Evolutionary algorithms and weighting strategies for feature selection in predictive data mining
MetadataShow full item record
The improvements in Deoxyribonucleic Acid (DNA) microarray technology mean that thousands of genes can be profiled simultaneously in a quick and efficient manner. DNA microarrays are increasingly being used for prediction and early diagnosis in cancer treatment. Feature selection and classification play a pivotal role in this process. The correct identification of an informative subset of genes may directly lead to putative drug targets. These genes can also be used as an early diagnosis or predictive tool. However, the large number of features (many thousands) present in a typical dataset present a formidable barrier to feature selection efforts. Many approaches have been presented in literature for feature selection in such datasets. Most of them use classical statistical approaches (e.g. correlation). Classical statistical approaches, although fast, are incapable of detecting non-linear interactions between features of interest. By default, Evolutionary Algorithms (EAs) are capable of taking non-linear interactions into account. Therefore, EAs are very promising for feature selection in such datasets. It has been shown that dimensionality reduction increases the efficiency of feature selection in large and noisy datasets such as DNA microarray data. The two-phase Evolutionary Algorithm/k-Nearest Neighbours (EA/k-NN) algorithm is a promising approach that carries out initial dimensionality reduction as well as feature selection and classification.
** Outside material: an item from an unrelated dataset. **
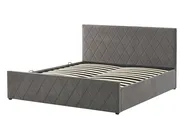 Ottoman Bed ROCHEFORT Velvet Grey 140 x 200 cm (EU Double)_786503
This thesis further investigates the two-phase EA/k-NN algorithm and also introduces an adaptive weights scheme for the k-Nearest Neighbours (k-NN) classifier. It also introduces a novel weighted centroid classification technique and a correlation guided mutation approach. Results show that the weighted centroid approach is capable of out-performing the EA/k-NN algorithm across five large biomedical datasets. It also identifies promising new areas of research that would complement the techniques introduced and investigated.